Il confronto con luglio restituisce un quadro differente. Il mese precedente aveva registrato un andamento più favorevole, sostenuto da iniziative, manifestazioni sportive ed eventi organizzati in città. Secondo Confcommercio Pistoia e Prato, il caldo ha inciso sulle presenze, ma non può essere considerato l’unica causa della flessione osservata ad agosto.

La competitività da rafforzare

L’associazione di categoria sottolinea che, quando vengono proposti appuntamenti e motivi specifici per raggiungere il centro, i visitatori arrivano. Il punto, secondo gli operatori, è fare in modo che l’attrattività del centro storico non dipenda soltanto da singoli eventi, ma rientri in una strategia complessiva di valorizzazione.

Una lettura condivisa dal comparto alberghiero. Veronica Bozzi, titolare dell’Hotel Villa Cappugi e presidente dell’Associazione Albergatori di Pistoia e Montagna Pistoiese, osserva che il caldo penalizza da anni tutte le città d’arte e che non è prevedibile un miglioramento su questo fronte. A incidere, aggiunge, è anche l’aumento generale dei prezzi, compreso quello della benzina, che rende gli spostamenti più difficili e costosi.

Per Bozzi, Pistoia non può competere puntando soltanto sui prezzi più contenuti rispetto a Firenze, Lucca o Pisa, né sulla posizione geografica tra queste destinazioni. Serve una promozione capace di far conoscere la città per le sue caratteristiche e per l’offerta che può sviluppare. Tra le esigenze indicate figurano più eventi e una maggiore collaborazione tra istituzioni e associazioni, così da costruire una proposta turistica più solida.

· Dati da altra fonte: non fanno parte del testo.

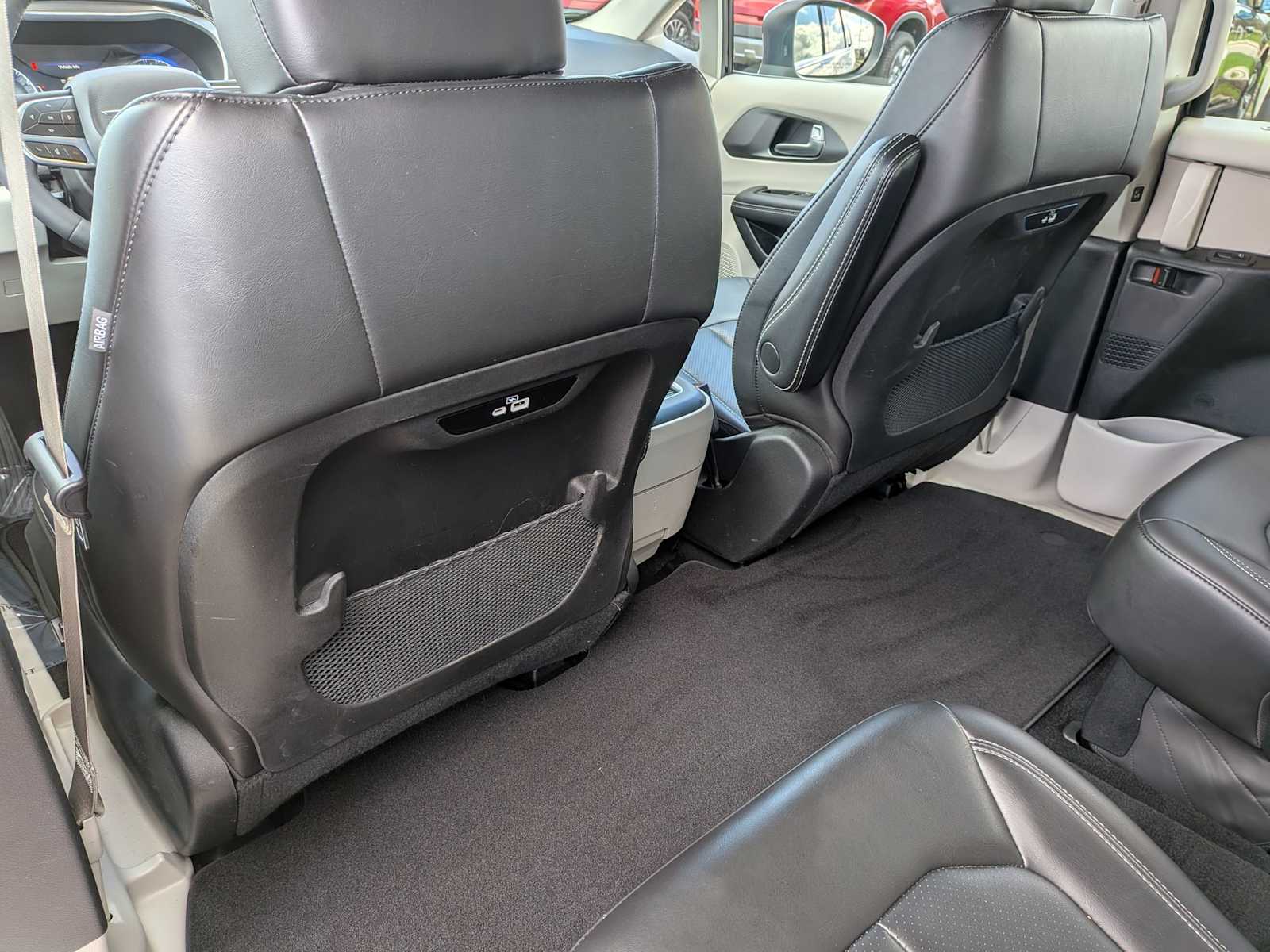 Thumbnail: 2023 Chrysler Pacifica - 17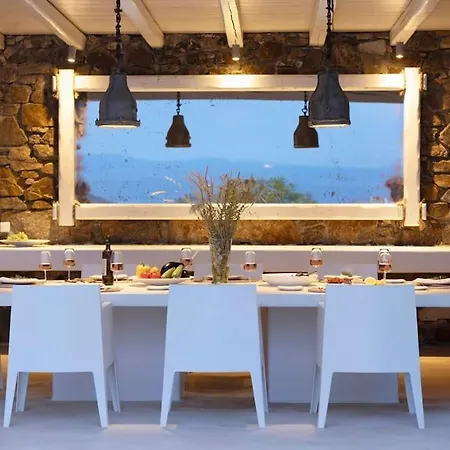 וילה Calithenean *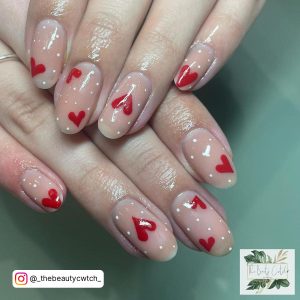 Nail Art Valentine Heart Red And White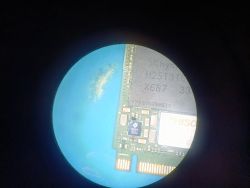 Fragment płytki SSD z widocznym układem 88325VA i kością SK hynix, ujęcie pod mikroskopem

La presidente degli albergatori richiama inoltre il fenomeno delle strutture che scelgono di chiudere ad agosto perché lo ritengono più conveniente: una decisione che, a suo avviso, dovrebbe spingere il territorio a interrogarsi sulla propria capacità di attrazione nel periodo estivo.

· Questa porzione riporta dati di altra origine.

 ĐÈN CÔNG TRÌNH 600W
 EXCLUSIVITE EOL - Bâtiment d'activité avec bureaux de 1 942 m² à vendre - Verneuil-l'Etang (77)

Il punto di vista del commercio

Silvia Colzi, della Pasticceria Saida, descrive un agosto sostanzialmente in linea con quello dell’anno precedente. Anche per lei è necessario investire sulla promozione delle bel­lezze e peculiarità di Pistoia, valorizzando elementi identitari del territorio. Tra gli esempi citati c’è quello della città come luogo legato al mondo delle piante, un’identità che potrebbe essere maggiormente utilizzata nella costruzione dell’offerta e della comunicazione turistica.